What the task requires. Starting at the line that contains "Appartement T5 à" and ending at the line that contains "4518 Duplin Drive, Charlotte, NC 28214", the lines below are to be given again exactly, with nothing added.
#### Data listing ####
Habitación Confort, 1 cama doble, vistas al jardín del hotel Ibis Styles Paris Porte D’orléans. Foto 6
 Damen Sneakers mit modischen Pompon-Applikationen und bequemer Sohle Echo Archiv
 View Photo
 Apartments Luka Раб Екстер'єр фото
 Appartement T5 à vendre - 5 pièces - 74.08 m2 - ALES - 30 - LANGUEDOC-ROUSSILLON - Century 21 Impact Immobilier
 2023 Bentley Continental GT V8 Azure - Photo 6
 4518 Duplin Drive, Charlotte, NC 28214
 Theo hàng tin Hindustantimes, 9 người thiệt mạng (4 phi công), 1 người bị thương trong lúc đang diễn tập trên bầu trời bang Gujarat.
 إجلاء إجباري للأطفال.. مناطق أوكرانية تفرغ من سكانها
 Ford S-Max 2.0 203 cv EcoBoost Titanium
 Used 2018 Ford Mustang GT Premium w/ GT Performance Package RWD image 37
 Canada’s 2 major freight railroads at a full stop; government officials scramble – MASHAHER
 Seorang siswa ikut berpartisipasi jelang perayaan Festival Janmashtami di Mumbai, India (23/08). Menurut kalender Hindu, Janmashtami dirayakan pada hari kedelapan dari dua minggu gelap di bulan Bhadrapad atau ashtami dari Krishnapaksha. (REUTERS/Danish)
####
Expected answer.
 Appartement T5 à vendre - 5 pièces - 74.08 m2 - ALES - 30 - LANGUEDOC-ROUSSILLON - Century 21 Impact Immobilier
 2023 Bentley Continental GT V8 Azure - Photo 6
 4518 Duplin Drive, Charlotte, NC 28214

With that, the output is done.